男らは作業を終えるとその場で全額の支払いを求め、現金を所持していなかった母親を近くのATMまで行かせ金を引き出させたという。
(「マッハ鍵サポート」の被害者 Aさん)
「私が領収書を見てびっくりしたので。問い合わせても偽名で住所もなく全部ウソの領収書だと確認したので。電話してもつながらないし…」
請求書には会社名が書かれ、住所や電話番号などが記されているが、電話は通じなかったという。
請求書に書かれた住所を記者が訪れると…
取材班が請求書に書かれていた住所に向かってみた。
(記者リポート)
「住所はここですね。ただ事務所や会社のようなものは無くて、ガレージですね」
ガレージにいた人に話を聞いた。
(ガレージを利用する人)
「私はもうここは30年くらいかな。(ガレージが建ったのは)その前だから40年くらい前かな。(Q鍵の修理の会社なんですけれども全く知らないですか?)いや、知らないですね」
この場所は数十年前からガレージになっていて「鍵の業者は知らない」と話した。請求書に書かれた電話番号に取材班も何度も電話をかけたがつながらなかった。
電話で取材「高額請求の認識は?」
「マッハ鍵サポート」の被害を訴える人が相次ぎ、警察の捜査が続く中、取材班は運営会社とされる「株式会社キセキ」という会社を割り出した。その社長が今回逮捕された佐野精希容疑者だった。9月3日、会社に電話をかけてみると、担当者が電話に出た。
(担当者)「もしもし」
(記者)「株式会社キセキさんでしょうか?」
(担当者)「はい、そうです」
(記者)「代表の佐野精希さんですか?」
(担当者)「いえ、違います」
(記者)「代表の佐野精希さんはどちらにおられますか?」
(担当者)「基本的に僕らが電話を受けて対応するので、直接社長が受けて対応することはないと思います」
(記者)「『マッハ鍵サポート』を運営しているのは『キセキ』さんですか?」
(担当者)「一応、フランチャイズ契約とかしていて、他の業者さんも入っていますけれども」
(記者)「高額請求をされているという認識はありますか?」
(担当者)「何の案件かも、フランチャイズ先の業者が行ったのかもしれないので、その辺は全くわからないので」
会社側は取材に対して「わからない」などと繰り返し、佐野容疑者に取材を申し込んだが結局応じることはなかった。

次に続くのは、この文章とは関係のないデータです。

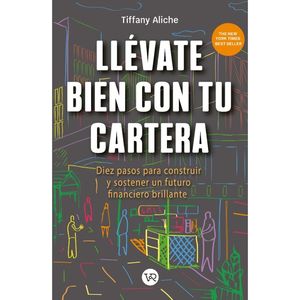 [04-36-001] LLEVATE BIEN CON TU CARTERA | V&R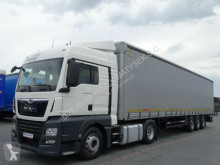 Tracteur MAN TGX 18.460/RETARDER+KOGEL/STANDARD occasion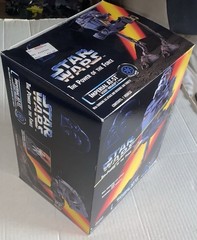 1995 Kenner Star Wars Imperial AT-ST Scout Walker-MIB-Mint/Sealed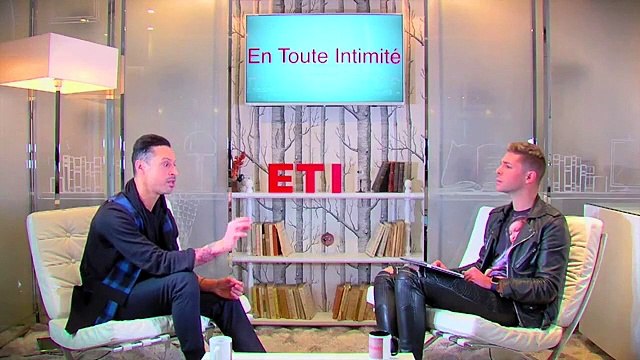 Exclu vidéo : En Toute Intimité : Chris Carvillo (Belle Toute Nue) : Je n'ai pas évincé William Carnimolla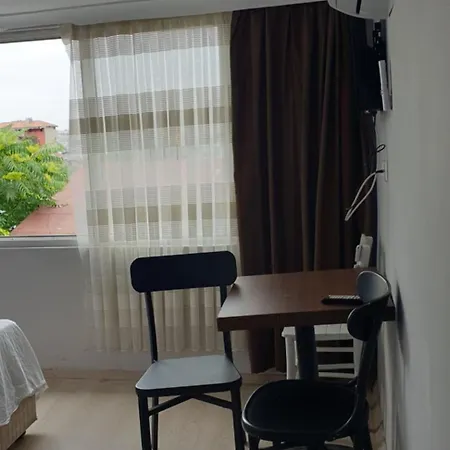 Apartment Taksim Millennium Istanbul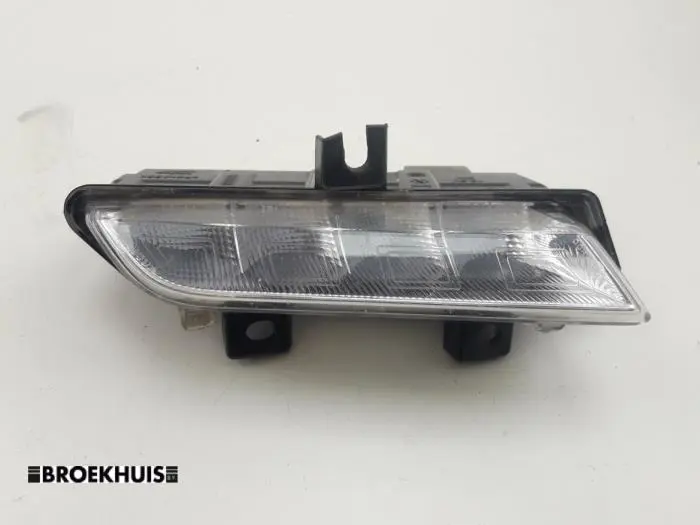 Daytime running light, right Renault Clio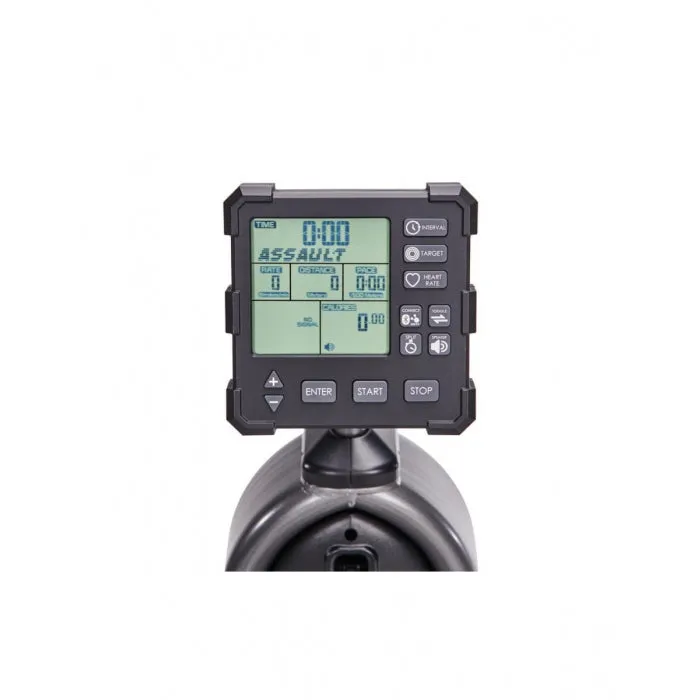 Assault Rower Elite – PREORDER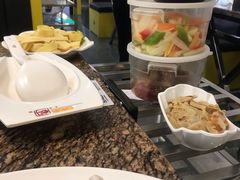 -黄记煌三汁焖锅(崇文门店)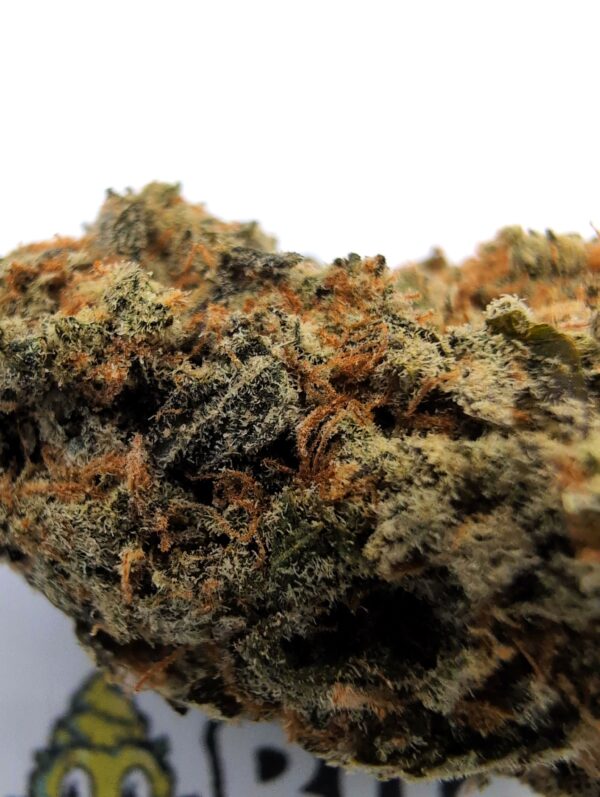 Blueberry Muffin - Afbeelding 2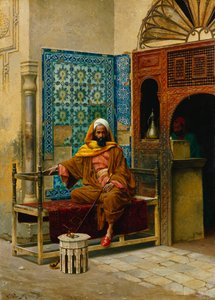 The Smoker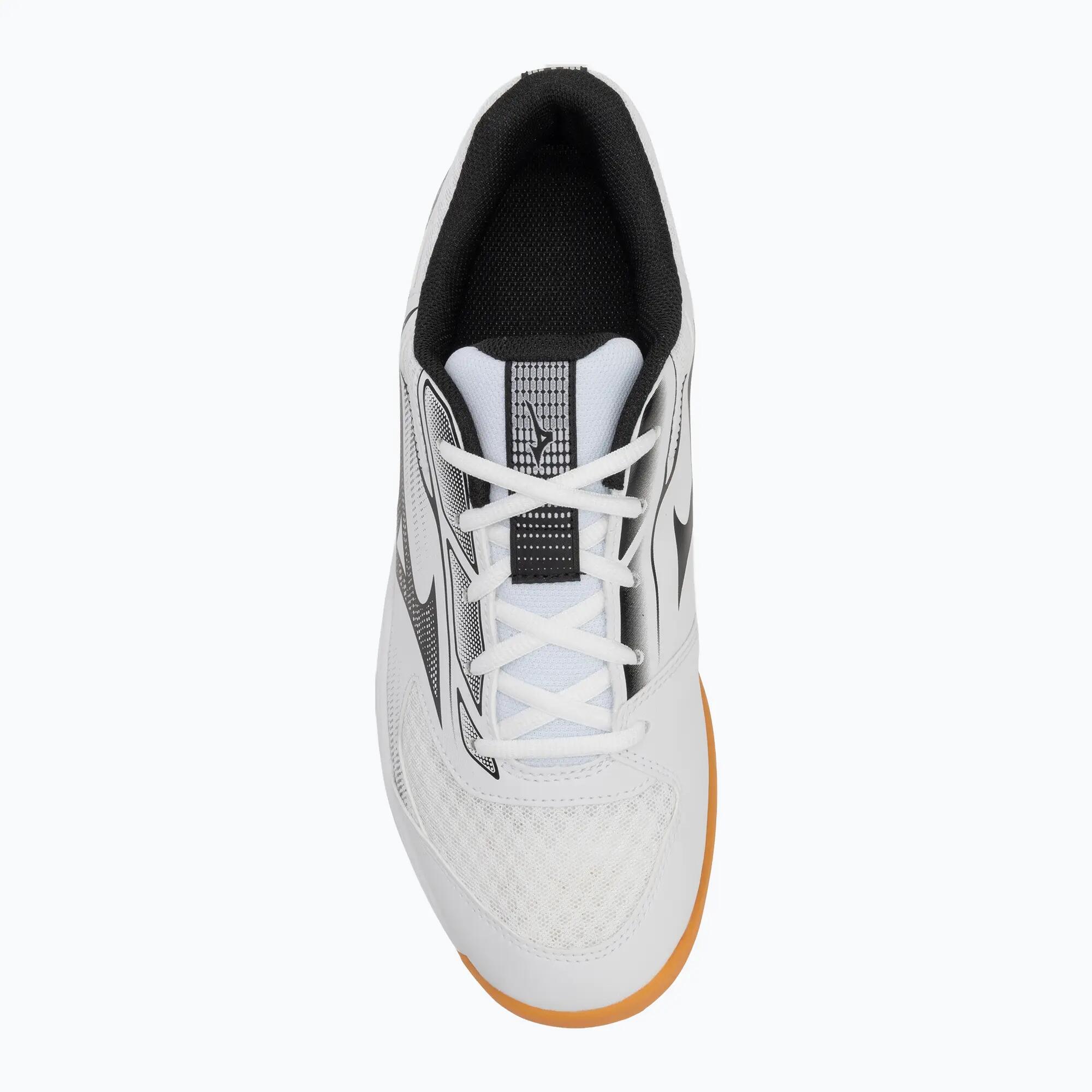 Buty do siatkówki Mizuno Cyclone Speed 5 5/7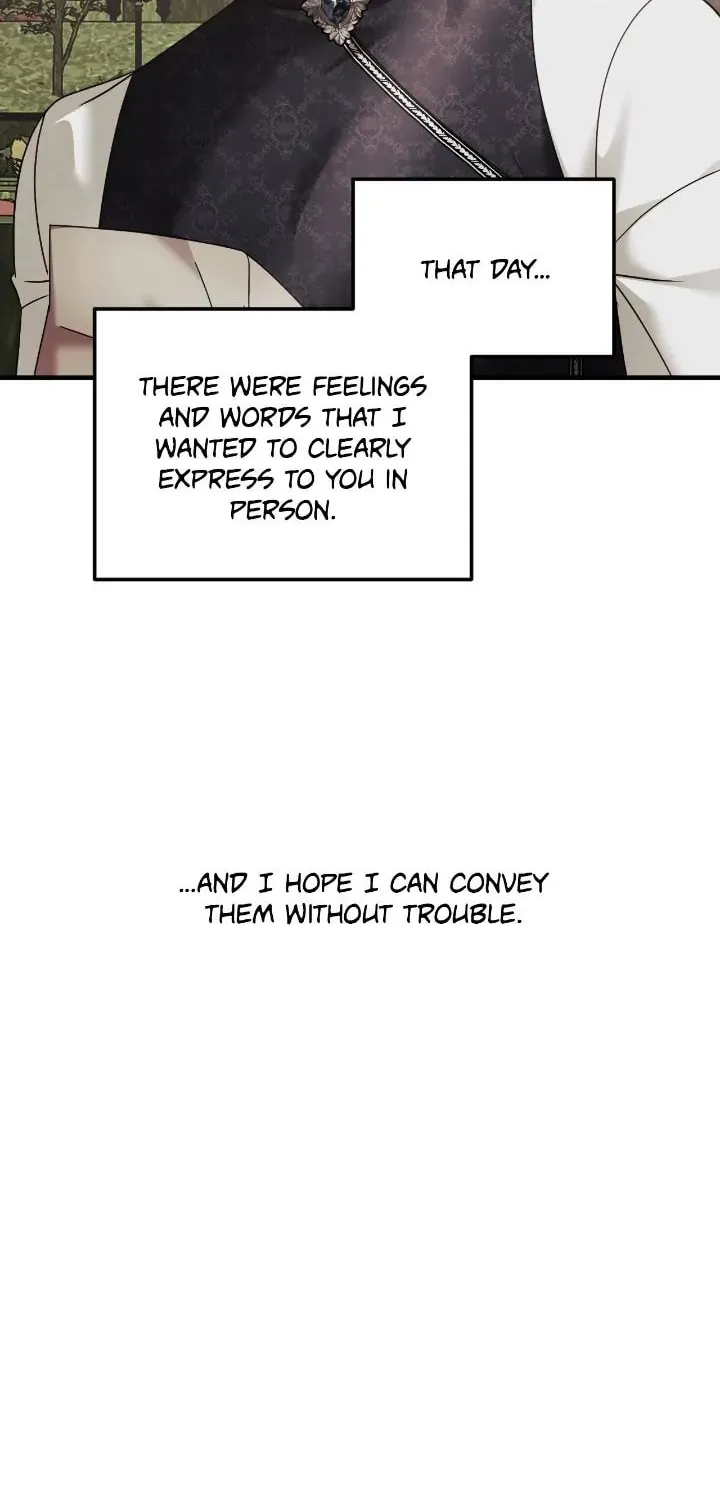 A Marriage Alliance for Revenge Chapter 70 page 48 - 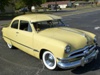 Thumbnail 1950 Ford Custom Deluxe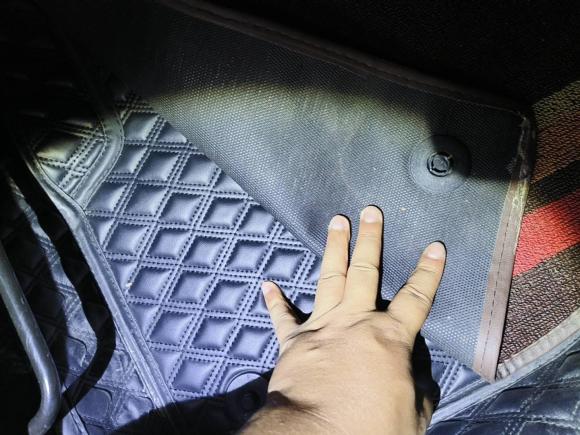 [成都·川A] 二手红旗红旗H52019款 30TD 智联灵动版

捜査関係者によると、「高額請求をされた」などの被害相談が数十件寄せられていて、追及から免れるために虚偽の住所などを記載していたとみられている。
被害にあわないために…気を付けるポイントは?
取材班は今回、別の鍵の専門業者にAさんの74万円の請求書を見てもらった。
(カギの救急車・近鉄八尾駅前店 店長)
「えー、扉を換えたわけじゃないですよね。絶対頼んじゃだめですよね。それにしてもちょっとひどすぎる金額なんですけれども…」
カギの救急車によると、ベランダの鍵を解錠する相場は1か所当たり1万円程度で、玄関の鍵も1か所当たり2万円~3万円程だという。
(カギの救急車・近鉄八尾駅前店 店長)
「お店をかまえて、できればある程度年数やっているところの方が安心度は高いと思うんですよね。できれば数社に値段を聞いてみる。こういった業者に依頼する確率は減らしていけるかな」
誰でも陥る可能性のある「鍵トラブル」につけ込んだ今回の事件。警察は詐欺容疑も視野に捜査を進めている。